What is it?
This is Hyundai’s latest supermini, which aims to build on the success of their previous foray into this segment.
Hyundai hope that class-leading practicality, value and improved quality can further improve the i20’s market share which has shown a steady increase year-on-year since the first model’s release. The big question is, will it be good enough to compete with the Ford Fiesta and Volkswagen Polo?
Pretty much everything, really. The i20 is based on a new platform, and has grown slightly in length and width over the old model. A 45mm increase in wheelbase aims to improve interior space, while a 16mm drop in height aims to give the car a more sporty profile. The new car was designed at Hyundai’s European design centre in Germany, and aims not only bring the model’s looks more closely in line with the rest of the range, but also to give the car a more refined style that was slightly lacking in the old i20.
The interior has received quite an overhaul too. Interior design and materials have been improved, while Hyundai claims the longer wheelbase gives genuine space for five adults. A generous boot volume of 326 litres should make this one of the most practical cars in the segment.
What engines are available?
At launch, there will be five engine options available.
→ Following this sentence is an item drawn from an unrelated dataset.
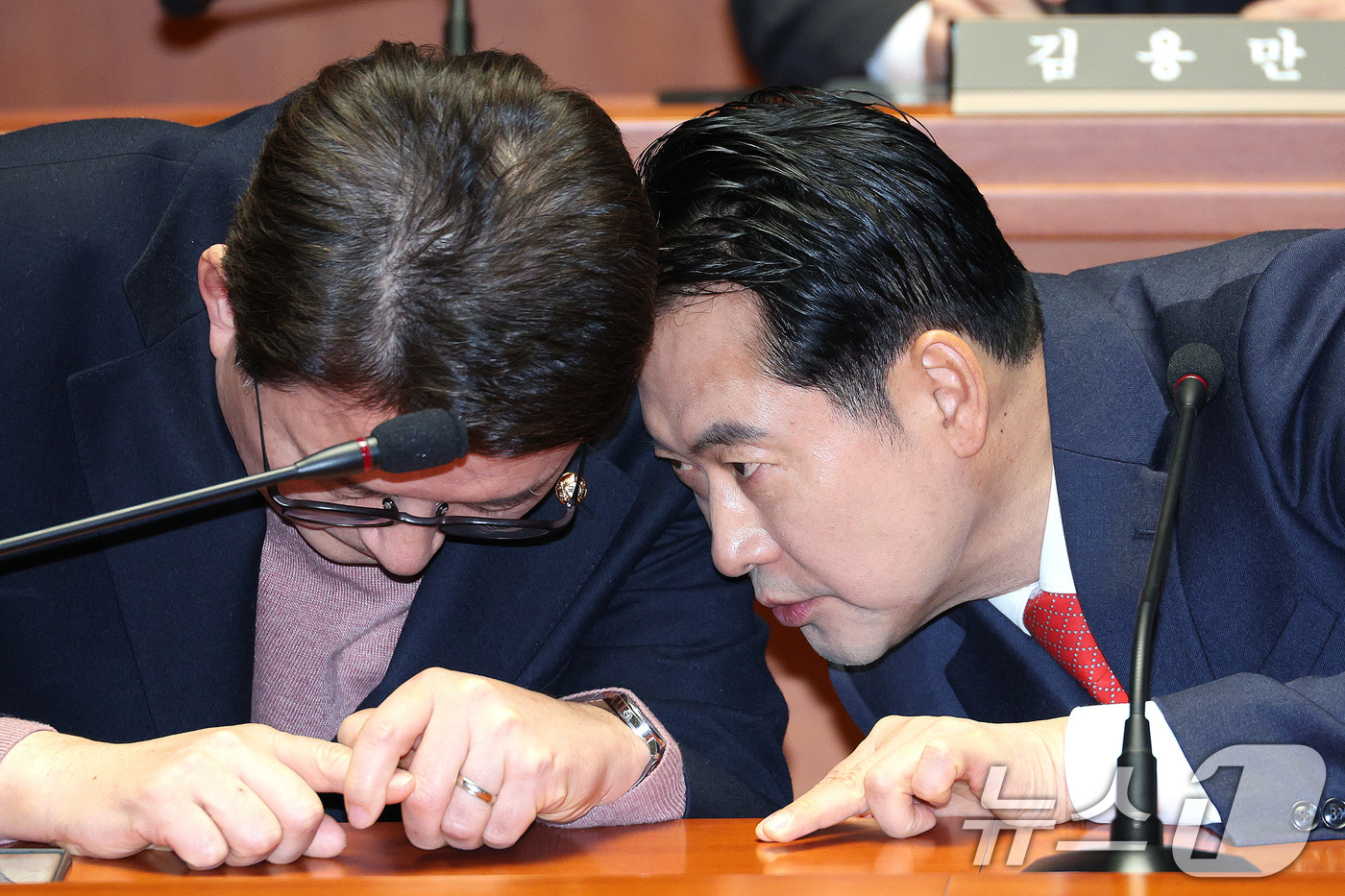 (서울=뉴스1) 신웅수 기자 = 장동혁 국민의힘 대표와 신동욱 최고위원이 15일 서울 여의도 국회에서 열린 의원총회에서 대화하고 있다. 2026.1.15/뉴스1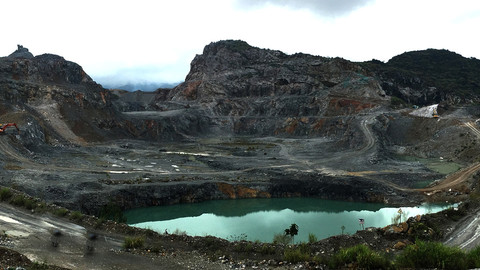 The stone quarry 采石场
There are two variants of the 1.25-litre petrol, producing either 74 or 83hp, and a 1.4-litre offering 99hp. Meanwhile, two diesels are available: a 1.1-litre with 74hp and a 1.4 with 89hp. Very low CO2 emissions mean that both of the diesels are free to tax. Unfortunately, thanks to the new car tax laws, you can no longer show off the whiff of smugness free tax entitles you to at the Post Office…
Later in 2015, Hyundai will introduce a new engine to the range. The 1.0-litre turbocharged petrol will produce 118hp, and promises to be the most sprightly model in the range. It also promises to be one of the most efficient, too. Hyundai claims that thanks to various pieces of efficiency-improving tech, the new unit will comply with strict Euro emissions standards not due to come into effect until 2017.
Upgrades to the five and six-speed transmissions should make the gear change feel a little smoother and snappier than before, while the suspension tweaks have been considered with European roads in mind, so a slightly sweeter ride/handling compromise can be expected.
When can I have one?
Fairly soon! The i20 will go on sale in November. Prices are yet to be announced, but Hyundai’s usual focus on value for money should make it a tempting proposition.
In a line…
Is this finally the car that makes Hyundai a serious contender in the supermini class?